The year is 1916 and Dr. Lily Houghton (Emily Blunt) is a resourceful and spunky young woman, who is hunting for an ancient arrowhead that is connected to the fabled Tears of the Moon, a legend that depicts of a primordial tree with magical healing properties within its pedals. Joined by her brother, McGregor (Jack Whitehall), Dr. Lily secretly acquires the arrowhead, looking for a way down the Amazon River to find the location of the Tears of the Moon. To help navigate the maze-like waterways and dangerous jungle surroundings, Lily comes across Frank (Dwayne “The Rock” Johnson), a seasoned skipper boat captain who promises safe passage through Amazon and to where the young explorer wants to go. Yet, despite his easy-going bravado, Lily soon finds out that Frank is kind of swindler, with the skipper is in deep with the wealthy harbormaster, Nilo Nemolato (Paul Giamatti), eager to collect the cash and return to the river. As Lily, McGregor, and Frank set out on the Amazon River, the trio is unaware that they are being pursed by Prince Joachim (Jesse Plemons), an ambitious German royal who’s also on the hunt for the Tears of the Moon, wanting to claim the magical properties and achieve unimaginable power. Unfortunately, in his ambition, Joachim unleashes Aguirre (Edgar Ramirez), a cursed Spanish conquistador recently freed from his Amazonian prison and caused havoc as all parties journey forth to find the Tears of the Moon; each one holding a different reason for acquiring the legendary item.

THE GOOD / THE BAD


It goes without saying that Disney has looked everywhere for “inspiration” for narrative storytelling within the cinematic realm. From popular bestsellers novels to “based on a true life” experiences, the “House of Mouse” has sort of left no stone unturned. This also comes in the form of their own attractions….as I mentioned above in my opening paragraphs. Naturally, the Pirates of the Caribbean movies were the best and most lucrative success; finding many audience moviegoers (including myself) liking the misadventures of Jack Sparrow. That being said, I still think that the first Pirates movie was the best. Although, before I saw the first Pirates of the Caribbean movies, I do remember seeing 1997’s Tower of Terror, which is based on the classic Disney Park ride. I think I saw it on Disney Channel and, while it was just an okay movie (in general), it was actually my first movie that I saw of a film that is based on a Disney Park ride. The other movies that mentioned (Country Bears, Haunted Mansion, and Tomorrowland) were just kind of “meh” to me as they were just sub-par / mediocre endeavors that really didn’t amount to much. That being said, I actually did like 2000’s Dinosaur (the first seven minutes are amazing) as a sort of hidden gem / underrated releases from Disney. Overall, Disney is always trying to constantly reinvent itself to stay relevant in the modern age, so I think that the studio will continue to its on-going trends of turning their theme park attractions into feature length films.

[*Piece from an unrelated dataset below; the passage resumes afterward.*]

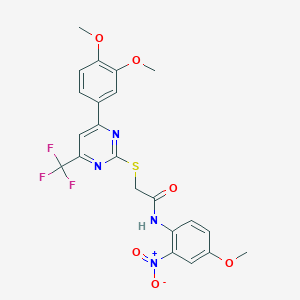 molecular formula C22H19F3N4O6S B4215059 2-[4-(3,4-dimethoxyphenyl)-6-(trifluoromethyl)pyrimidin-2-yl]sulfanyl-N-(4-methoxy-2-nitrophenyl)acetamide 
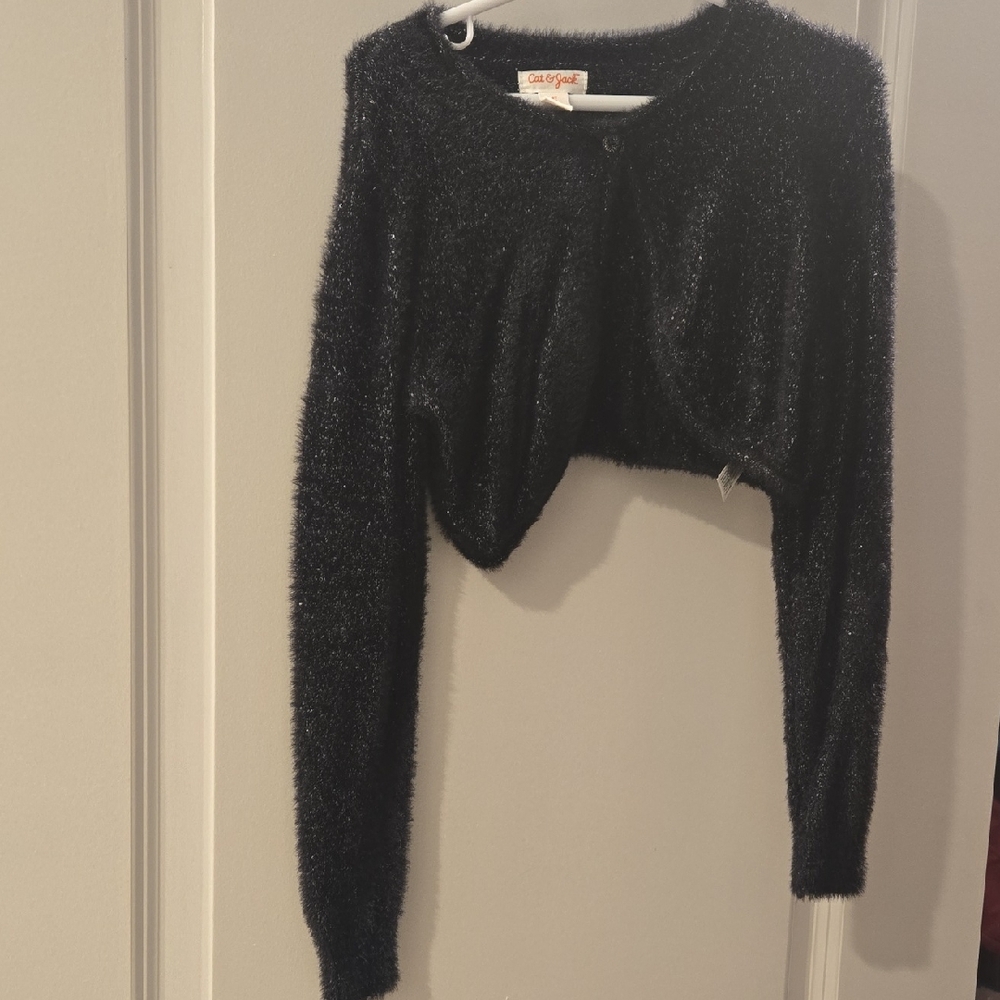 Chic Black Fuzzy Cardigan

This becomes more prevalent with the release of 2021’s Jungle Cruise, a fantasy adventure film released by Disney and the latest film to be adapted from one of their park rides. Originally opened in Disneyland back in 1967, the Jungle Cruise ride has expanded upon the various Disney theme parks across the globe. I personally experience the ride when I first went to Disney World when I was 11 and I liked it as I can see why it has become a “classic” of Disney theme park rides. Anyway, following the release of 2015’s Tomorrowland, which was considered a box-office flop, I thought that Disney wasn’t going to be invest resources to create another movie that is based on one of their park attractions. However, that idea was shattered when it was announced that Disney was going to be a movie that was based on the theme park ride of the same name. Then, it was later announced that actress Emily Blunt and Dwayne “The Rock” Johnson were going to be headlining the project in the lead roles; both of which I like as acting talents and some of their previous endeavors. After that, the film’s movie trailer was released and showcased a promising feature, which felt a little reminiscent of Pirates of the Caribbean vibe, which is kind of good / intriguing them for me. So, it goes without saying that I was interested in seeing Jungle Cruise when it was originally going to be released on October 11th, 2019, before it was moved to July 24th, 2020. However, with the on-going effects of the COVID-19 pandemic, Disney decided to delayed Jungle Cruise an entire year, releasing the movie on July 30th, 2021, in theaters and on Disney+ (with premium access). I decided to watch the movie on Disney and pay for the premium access fee to see it. However, my schedule for work got busy, so I delayed doing my review for this movie. That being said, I have a little free time and finally willing to share my thoughts on this live-action Disney movie. What did I think of it? Well, I liked it. Despite a few problems within its undertaking and execution, Jungle Cruise is still quite a fun and entertaining within its adventurous escapism that is bolstered by its two leads. The journey is quite overstuffed, but Blunt and Johnson are solid in the movie.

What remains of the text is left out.